Consolidation: In February 2015, the FASB amended the ASC to update certain requirements for determining whether a variable interest entity must be consolidated. The amendment is effective for fiscal years, and the interim periods thereafter, beginning after December 15, 2015, with early adoption permitted. The Company is currently evaluating the impact of adopting this ASC amendment, but does not expect it will have a material effect on the Company's consolidated financial statements.
Going Concern: In August 2014, the FASB amended the ASC to provide guidance on determining when and how an entity must disclose going concern uncertainties in its financial statements. The amendment requires management to perform interim and annual assessments of an entity's ability to continue as a going concern within one year of the date of issuance of an entity's financial statements. If there is substantial doubt about the entity's ability to continue as a going concern, an entity must provide certain footnote disclosures. The amendment is effective for fiscal years, and the interim periods thereafter, beginning after December 15, 2016, with early adoption permitted. The Company is currently evaluating the impact of adopting this ASC amendment, but does not expect it will have a material effect on the Company's consolidated financial statements.

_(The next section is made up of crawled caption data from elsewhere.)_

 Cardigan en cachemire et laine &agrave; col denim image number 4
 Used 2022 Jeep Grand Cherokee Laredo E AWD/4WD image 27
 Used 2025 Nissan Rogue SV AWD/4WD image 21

Revenue Recognition: In May 2014, the FASB and International Accounting Standards Board jointly issued a final standard on revenue recognition which outlines a single comprehensive model for entities to use in accounting for revenue arising from contracts with customers. This standard will supersede most current revenue recognition guidance. Under the new standard, entities are required to identify the contract with a customer; identify the separate performance obligations in the contract; determine the transaction price; allocate the transaction price to the separate performance obligations in the contract; and recognize the appropriate amount of revenue when (or as) the entity satisfies each performance obligation. The standard is effective for fiscal years, and the interim periods within those years, beginning on or after January 1, 2017, however in April 2015, the FASB proposed a one year deferral of the effective date. Entities have the option of using either retrospective transition or a modified approach in applying the new standard. The Company is currently evaluating the approach it will use to apply the new standard and the impact that the adoption of the new standard will have on the Company’s consolidated financial statements.

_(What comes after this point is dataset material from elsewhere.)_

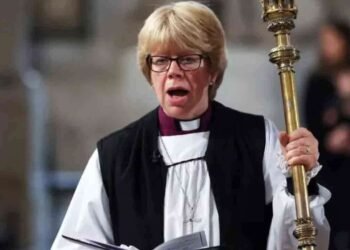 திருச்சபை வரலாற்றில் முதல் முறையாக பேராயர் ஆன பெண்!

Discontinued Operations: In April 2014, the FASB amended the ASC to raise the threshold for a disposal to qualify as a discontinued operation. Under the new guidance, a discontinued operation represents a strategic shift that has or will have a major effect on an entity's operations and financial results. The guidance also expands the disclosures for discontinued operations, including new disclosures related to individually material disposals that do not meet the definition of a discontinued operation. The amendment is effective for fiscal years, and the interim periods within those years, beginning after December 15, 2014, with early adoption permitted only for disposals that have not been reported in financial statements previously issued. The Company adopted this amendment in 2015 and it did not have a material impact on the Company's consolidated financial statements.